In an action predicated on section 10(b), plaintiffs must, to adequately demonstrate that a defendant acted with the required state of mind, allege that the defendant made false or misleading statements either intentionally or with "deliberate recklessness." Silicon Graphics, 183 F.3d at 974. Deliberate recklessness is "a form of intentional or knowing misconduct." Id. at 976. Indeed, "although facts showing mere recklessness or a motive to commit fraud and opportunity to do so may provide some reasonable inference of intent, they are not sufficient to establish a strong inference of deliberate recklessness." Id. at 974.

DISCUSSION

The TAC alleges that defendants violated section 10(b) and its implementing regulation SEC Rule 10b-5(a), (b) and (c) by engaging in a scheme to defraud, making false statements, omitting material facts and performing deceptive acts. Plaintiffs must allege and prove six elements regarding each defendant: 1) a primary violation — fraudulent scheme, material misstatement or deceptive course of conduct; 2) scienter; 3) a connection with the purchase or sale of stock; 4) reliance; 5) loss causation; and 6) economic loss. Dura Pharms v. Broudo, 544 U.S. 336, 341-42 (2005). Defendants primarily claim that plaintiffs have not adequately alleged scienter. Each defendant in discussed in turn.

I. Periolat

Defendant Paul Periolat was a salaried employee at VeriFone, who worked as a supply-chain controller at the company's satellite facility in Rocklin, California. Although plaintiffs' own witnesses state that Periolat worked in an accounting department that was chaotic, disorganized, understaffed, and that was overwhelmed by the Lipman acquisition, rendering it unable to retrieve accurate financial data from that subsidiary, plaintiffs' allegations present a strong inference that Periolat acted with deliberate recklessness when implementing the manual adjustments.
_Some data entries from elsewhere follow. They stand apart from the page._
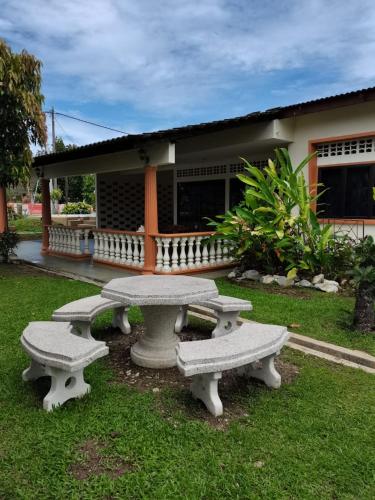 TS GUEST HOUSE TS GUEST HOUSE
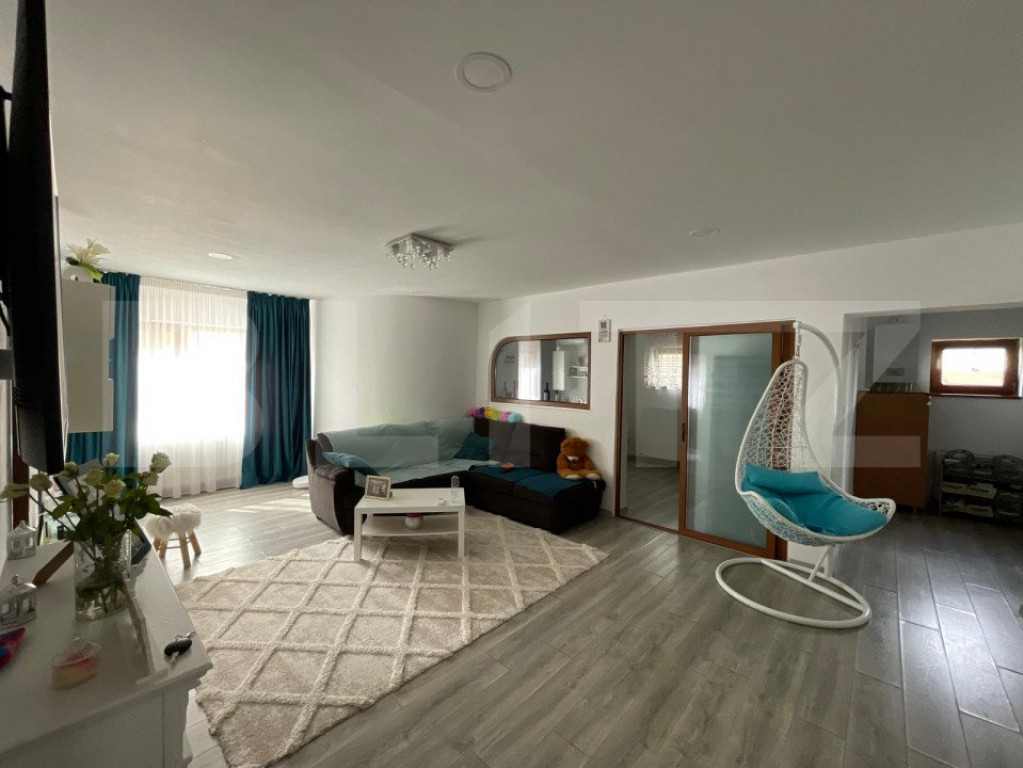 Casa D+P+1, 324 metri utili, 958 mp, Bariera, zona Girlesti
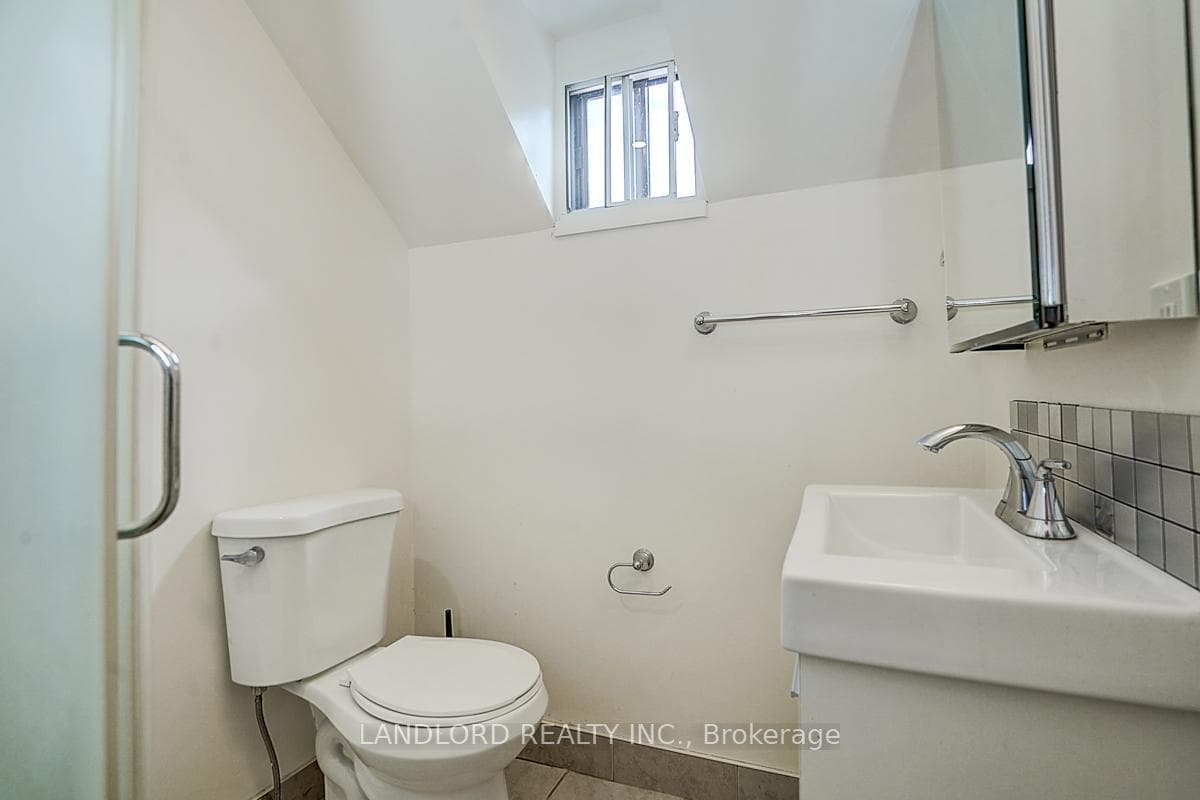 92 Neville Park Boulevard Unit Upper Unit photo 31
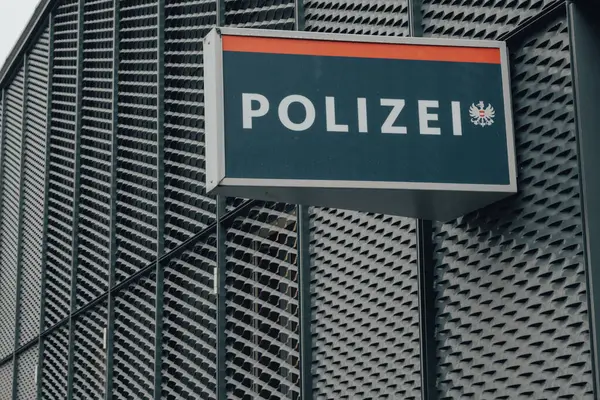 Avusturya, Viyana, 2023 / 12 / 15, Viyana şehir merkezinde polis merkezi imzası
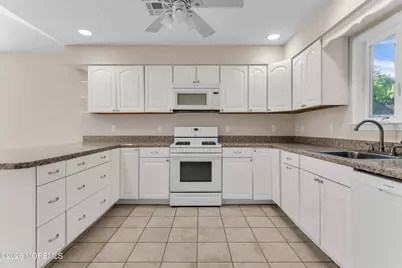 176 Tilton Street, Toms River Township, NJ 08753 - Photo 8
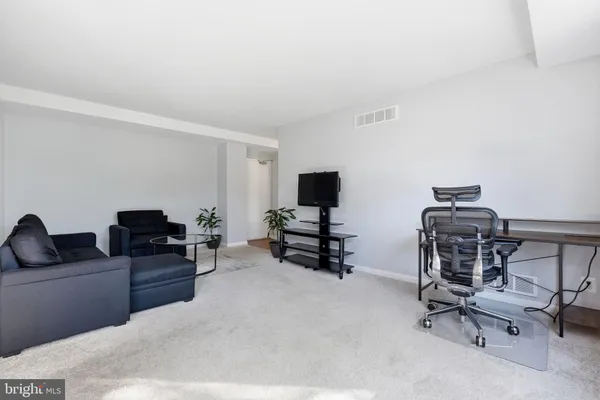 4410 OGLETHORPE ST 215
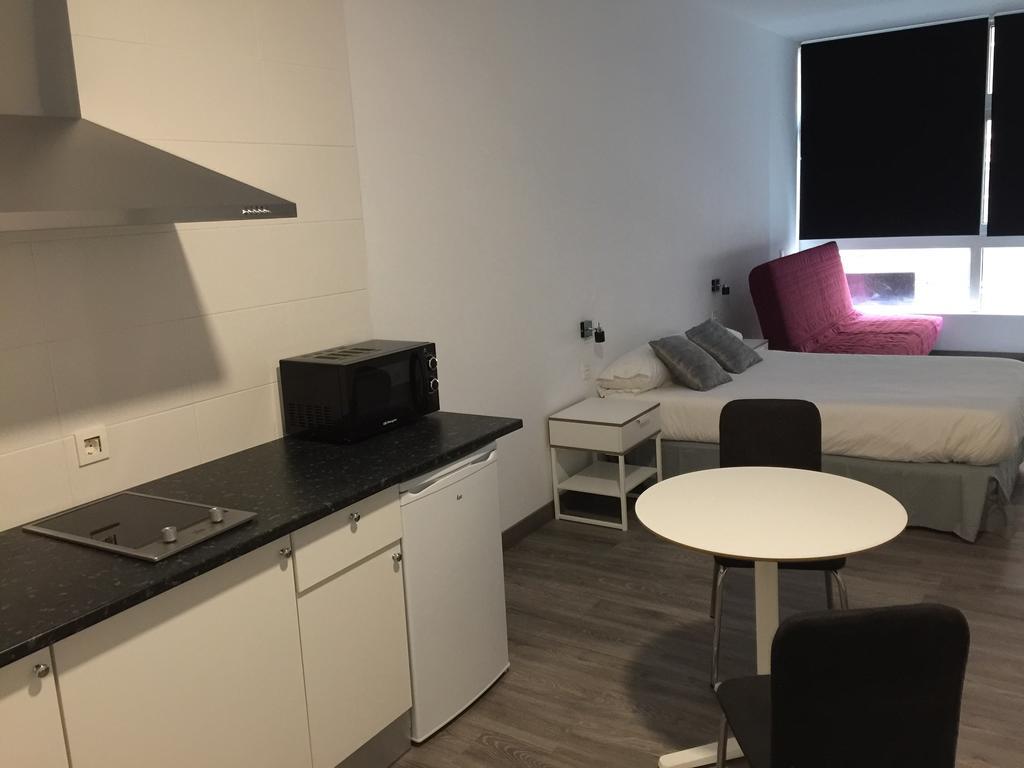 Room And Kitchen Bilbao Exteriör bild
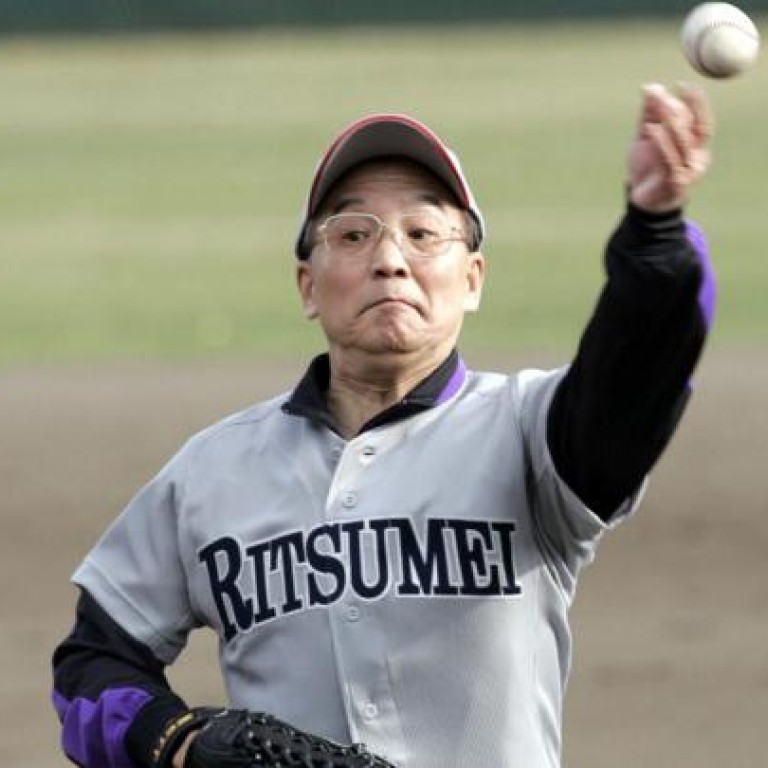 Premier Wen Jiabao plays baseball with university students in Kyoto.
The deliberate recklessness standard requires plaintiffs to "plead a highly unreasonable omission, involving not merely simple, or even inexcusable negligence, but an extreme departure from the standards of ordinary care, and which presents a danger of misleading buyers or sellers that is either known to the defendant or is so obvious that the actor must have been aware of it." Zucco Partners, LLC v. Digimarc Corp., 552 F.3d 981, 991 (9th Cir. 2009) (quoting Silicon Graphics, 183 F.3d at 976) (internal quotation marks omitted); see Hollinger v. Titan Capital Corp., 914 F.2d 1564, 1568-69 (9th Cir. 1990) (en banc) (citation omitted) ("[T]he danger of misleading buyers must be actually known or so obvious that any reasonable man would be legally bound as knowing, and the omission must derive from something more egregious than even `white heart/empty head' good faith."). Scienter includes "a subjective inquiry" turning on "the defendant's actual state of mind." Gebhart v. Sec. Exchange Comm'n, 595 F.3d 1034, 1042 (9th Cir. 2010).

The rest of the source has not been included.